You should use algorithms for this, as they are well tested. But if you want to analyze your code and understand the failure consider a high level description of what your code is running (See Tony's answer).
You maintain two indices into the buffer, one for reading and one for writing. Whenever the reading head detects a space you move it but skip the write. If the character is not a space you use the read head to get a value and write it through the write head.
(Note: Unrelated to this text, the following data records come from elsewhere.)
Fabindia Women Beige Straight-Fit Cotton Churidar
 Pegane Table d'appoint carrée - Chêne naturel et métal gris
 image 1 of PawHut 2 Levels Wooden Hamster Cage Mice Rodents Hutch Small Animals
In your implementation the read head is ptr+i
, which is spelled a bit strange as an offset from the write head (as in ptr[i]
). The write head is ptr
(*ptr =
). But your test in the loop is using the write head instead of the read head: if (*ptr==' ')
.
Even if you fix this, the implementation has other issues, like for example the fact that if there are two consecutive spaces, since you do a single test in the loop. A rewrite of your algorithm could be:
char* remove_spaces(char* buffer) {
char *read = buffer;
for (char *read = buffer; (*read), ++read) {
if (*read != ' ') { // copy element
*buffer = *read;
++buffer; // and increment write head
}
}
*buffer = 0; // ensure null termination
return read;
}
Now, the algorithm can be further improved (performance) by removing the number of writes to memory if you do an initial search for the first space and use that as the starting point for the loop above. That will reduce the number of operations and the number of cache lines that are marked dirty.